A plan to update a war memorial in Greenwood, South Carolina, led to the mayor being threatened with arrest — all because it segregates World War I and World War II veterans into racial categories, “white” and “coloured.” Though the American Legion, which owns the memorial, had given permission to update the plaque, the act of changing the plaques on the memorial would violate a South Carolina law, designed to protect the flying of the Confederate flag, which says no historical monument, erected by the state or by a local government, may be relocated, removed, disturbed, or altered without a two-thirds vote from state lawmakers.

I wonder if some of the opposition is racism hiding behind history.

Welborn Adams, mayor of Greenwood, who says he cried after being threatened with arrest

Days before the Martin Luther King, Jr. Day ceremony, during which he planned to dedicate the new plaques, opponents threatened to try to have Adams arrested — perhaps on a misconduct in office charge — if he went forward with the new plaque.

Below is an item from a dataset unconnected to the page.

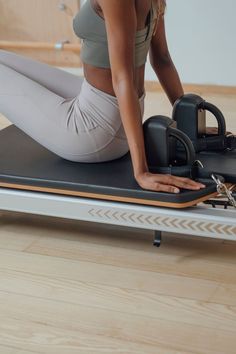 a woman sitting on top of an exercise mat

There are some that want to see the historical value of the memorial protected — a reminder that segregation did exist as recently as 50 years ago in parts of society — including historians. Several historians said they haven’t heard of a monument where fallen soldiers are separated by race anywhere else.

Segregation was the accepted social order of that time. If we alter the monument, we alter its historical integrity.